-- BRIEF --
Of the lines below, write out exactly those from the line with "CASA BEM LOCALIZADA" through the line with "Bedroom 2, Hotel Villa San Pietro, Foggia", both included, and skip the rest.

-- THE INPUT --
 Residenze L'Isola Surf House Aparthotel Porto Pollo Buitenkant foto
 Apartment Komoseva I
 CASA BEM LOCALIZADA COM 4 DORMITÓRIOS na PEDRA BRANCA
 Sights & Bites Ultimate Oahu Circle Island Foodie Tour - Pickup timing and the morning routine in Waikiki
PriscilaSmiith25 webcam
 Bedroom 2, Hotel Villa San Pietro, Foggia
---
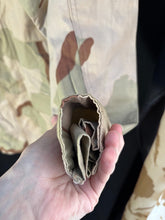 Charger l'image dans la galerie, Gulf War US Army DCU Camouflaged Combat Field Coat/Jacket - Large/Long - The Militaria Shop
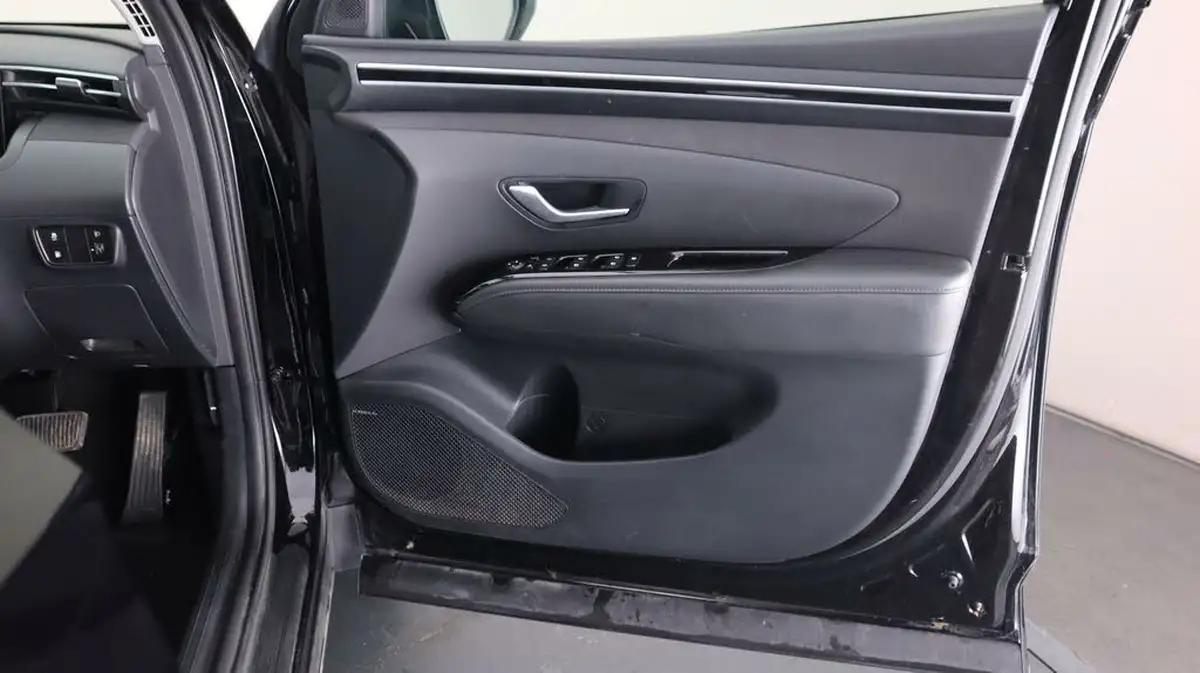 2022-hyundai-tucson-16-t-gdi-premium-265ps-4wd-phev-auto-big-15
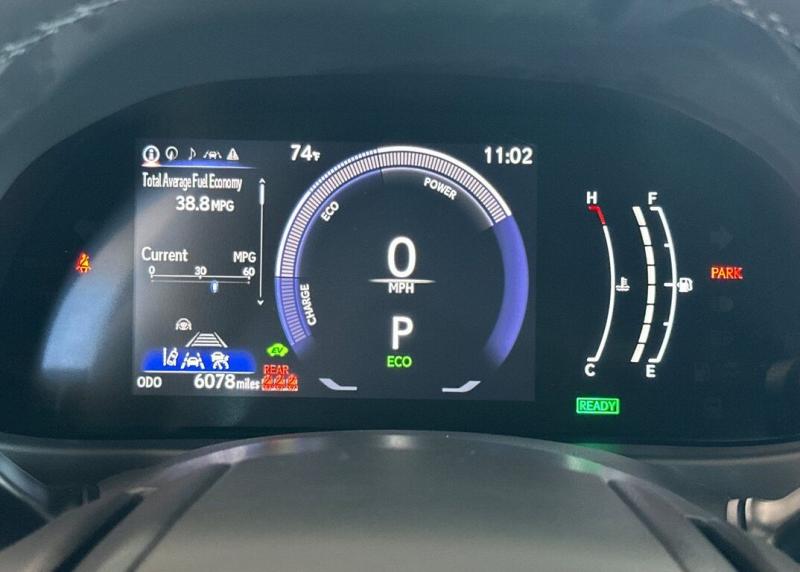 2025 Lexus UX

-- WRITTEN REPLY --
 CASA BEM LOCALIZADA COM 4 DORMITÓRIOS na PEDRA BRANCA
 Sights & Bites Ultimate Oahu Circle Island Foodie Tour - Pickup timing and the morning routine in Waikiki
PriscilaSmiith25 webcam
 Bedroom 2, Hotel Villa San Pietro, Foggia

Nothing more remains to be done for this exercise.